El tema de los desaparecidos en Latinoamérica es un continuo que viene desde la Segunda Guerra Mundial. Desde la década de los 50 no hay un solo país en Latinoamérica donde no haya una crisis de desaparecidos. Centroamérica en los 50; se traslada en los 60 y 70 a Sudamérica, regresa a Centroamérica. En los últimos 25 años ocurre en México. Y si bien son fenómenos geopolíticos distintos, hay una constante en ellos, que tiene que ver con la permanente intromisión de los intereses de Estados Unidos dentro los distintos territorios latinoamericanos. Es una situación sumamente compleja que casi define de alguna manera a los latinoamericanos.
Nos preocupa a todos. Y el hecho de numerosas películas aborden el tema tiene que ver con cómo hacemos para transitar a través de ese dolor y cómo hacemos para entender una situación en la que nos falta información, no sabemos realmente cómo son las redes del crimen organizado y de las posibles complicidades de los gobiernos que generan estas situaciones de violencia de las que somos rehenes.
Hay también un contexto sonoro, la música de Alex Otaola. ¿Qué rol quiso darle a su música?
Te hablaba de que el metro tiene esta metáfora, no sé si sea la palabra, pero la llamo ecuménica, en donde nos reunimos todos los habitantes de la ciudad aunque sea por breves minutos en las entrañas de la ciudad, cada quien recorriendo sus propios caminos. Eso me llevó a la posibilidad de un planteamiento sacro de ese lugar, en donde todos esos encuentros me daban la idea como de un templo, un templo móvil en el que nos movemos por la ciudad.

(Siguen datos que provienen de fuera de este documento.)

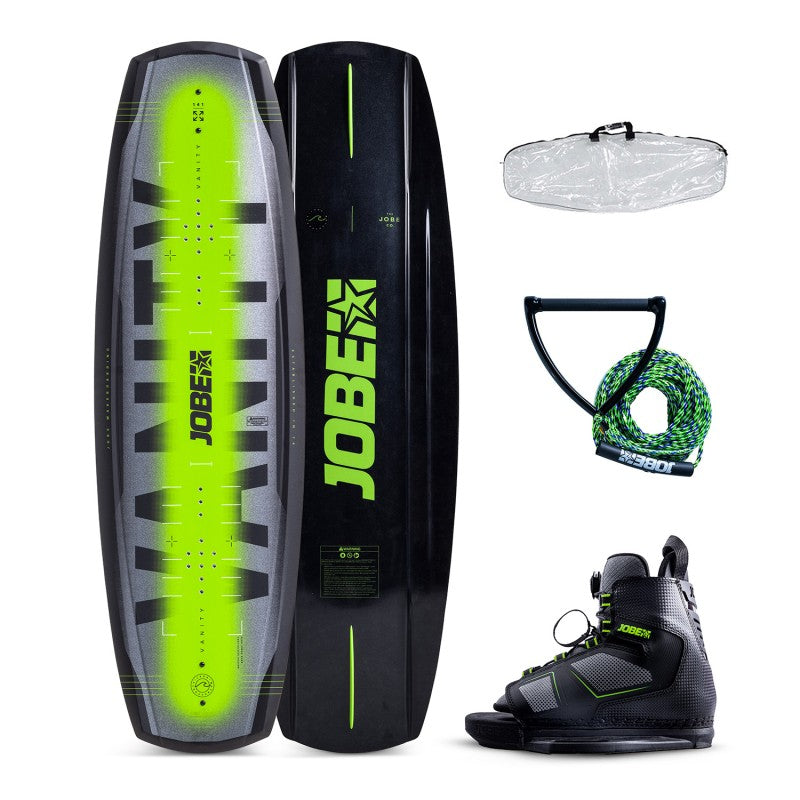Jobe Vanity Wakeboard 136 & Unit Bindings Package - thumbnail 2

Y eso me hizo pensar en un instrumento específico: el órgano de iglesia como posible lamento para la composición musical.

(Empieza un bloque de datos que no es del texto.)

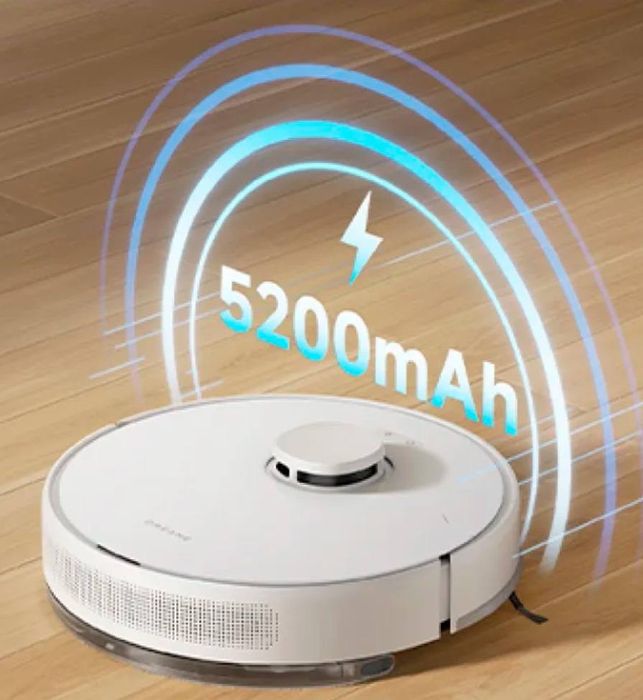 Робот-пылесос Dream F10 , белая. Для дома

Cuando hablé con Alex para que hiciera la música y le propuse eso, la gran fortuna es que es un músico que no le tiene miedo a nada, que total y absolutamente busca nuevos sonidos y sonoridades, y para él fue una experiencia muy nueva, pero al mismo tiempo estimulante, componer para un instrumento que los músicos contemporáneos no suelen utilizar, porque sólo existe en espacios muy específicos. Por eso optamos por utilizar un órgano de iglesia como instrumento principal para el score.
La última escena es un recorrido por un pasaje del metro. Me pregunté: ¿por qué un lugar por donde transitan 3.5 millones de personas a diario no es utilizado por las autoridades para, en lugar de poner publicidad comercial o propaganda política, desplegar los rostros de la gente desaparecida? La escena final de Arillo de hombre muerto es una bofetada a todos nosotros, el metro debería servir para recuperar esa memoria.
La idea que rige esas escenas tiene que ver con que, frente a ciertas situaciones de violencia, la misma sociedad expropia el rostro de las víctimas y se lo apropia. Y en esa operación, sin querer, como efecto secundario, terminamos deshumanizando a las personas que han vivido situaciones de violencia. Me preocupa a mí cierto tratamiento que muchas historias en que vemos a las víctimas de desaparición forzada y otros eventos de violencia como entidades heroicas y el problema con las entidades heroicas es que nos permiten a todos los demás seguir con nuestra vida normal sin preocuparnos por nuestro lugar en la sociedad y nuestra corresponsabilidad en lo que ocurre. Es una operación muy frecuente: tomamos la vida de una persona como ejemplo, la convertimos en estatua y dejamos de vincularnos realmente con aquello que nos compete como de una sociedad.